I have also taken into account the evidence by the respondent that the appellant ought to have provided him with protective mask and 3 men to lift the metal. In this regard the appellant should have the higher responsibility and contribution to the negligence. However due to the respondent’s experience I would apportion the liability at the proportion of 85% to be borne by the appellant and the respondent 15%.
On the issue of quantum I have re-evaluated the evidence, the medical reports, the fact that the respondent lost his employment due to this injuries, the loss of amenities and the case law that was presented. For these reasons I am also guided by settled principles that the assessments of damages are left to the discretion of a trial court and an appellate court will not disturb the award of damages:
“Unless so inordinately high or low as to represent an entirely erroneous estimate. It must be shown that the Judge proceeded on wrong principles or that he misapprehended the evidence in some material respect, and so arrived at a figure which was either inordinately high or low”

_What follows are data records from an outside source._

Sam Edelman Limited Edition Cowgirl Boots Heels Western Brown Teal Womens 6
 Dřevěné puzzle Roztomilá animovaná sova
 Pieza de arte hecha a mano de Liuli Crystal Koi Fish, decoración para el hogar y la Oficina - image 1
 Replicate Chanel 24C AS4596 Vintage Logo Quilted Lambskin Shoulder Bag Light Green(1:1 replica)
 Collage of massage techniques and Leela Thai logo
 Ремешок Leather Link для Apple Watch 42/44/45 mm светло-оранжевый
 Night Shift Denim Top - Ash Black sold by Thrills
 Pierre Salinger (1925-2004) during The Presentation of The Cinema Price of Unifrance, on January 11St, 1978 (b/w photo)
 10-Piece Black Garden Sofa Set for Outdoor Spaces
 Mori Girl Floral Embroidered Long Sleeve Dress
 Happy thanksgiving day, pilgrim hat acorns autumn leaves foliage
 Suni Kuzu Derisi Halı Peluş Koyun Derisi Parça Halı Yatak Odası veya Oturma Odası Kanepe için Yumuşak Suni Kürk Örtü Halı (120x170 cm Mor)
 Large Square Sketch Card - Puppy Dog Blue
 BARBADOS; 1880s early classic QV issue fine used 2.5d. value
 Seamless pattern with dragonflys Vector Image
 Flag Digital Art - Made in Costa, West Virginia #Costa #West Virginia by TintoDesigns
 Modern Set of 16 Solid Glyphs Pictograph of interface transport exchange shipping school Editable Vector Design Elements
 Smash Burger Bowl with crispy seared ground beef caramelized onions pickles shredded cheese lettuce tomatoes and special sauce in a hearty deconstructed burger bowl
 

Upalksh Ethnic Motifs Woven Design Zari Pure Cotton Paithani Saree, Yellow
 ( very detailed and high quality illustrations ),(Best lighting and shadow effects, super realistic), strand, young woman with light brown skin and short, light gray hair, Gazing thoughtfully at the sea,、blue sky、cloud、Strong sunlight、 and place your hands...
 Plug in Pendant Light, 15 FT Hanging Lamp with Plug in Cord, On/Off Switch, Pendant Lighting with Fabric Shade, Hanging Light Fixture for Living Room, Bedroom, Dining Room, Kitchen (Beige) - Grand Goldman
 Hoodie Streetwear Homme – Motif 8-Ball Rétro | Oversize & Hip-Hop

Butt v Butt (1977) KAR (See Kenya Bus Services Ltd vs Humprey 2003 KLR 671.
I am satisfied that the learned Senior Principal Magistrate did arrive at the correct assessment of Kshs.400,000/- as general damages and Kshs.2000/- as special damages. For the foregoing reasons, this amount shall be deducted by 15% being the contribution and the judgment of the lower court is hereby substituted by the following judgment for the respondent at Kshs.402,000 less 15% contribution i.e. Kshs.341,700/- less the sum of Kshs.208,008/- which was already paid leaving the balance of Kshs.133,692/- with costs and interests including 50% costs of this appeal.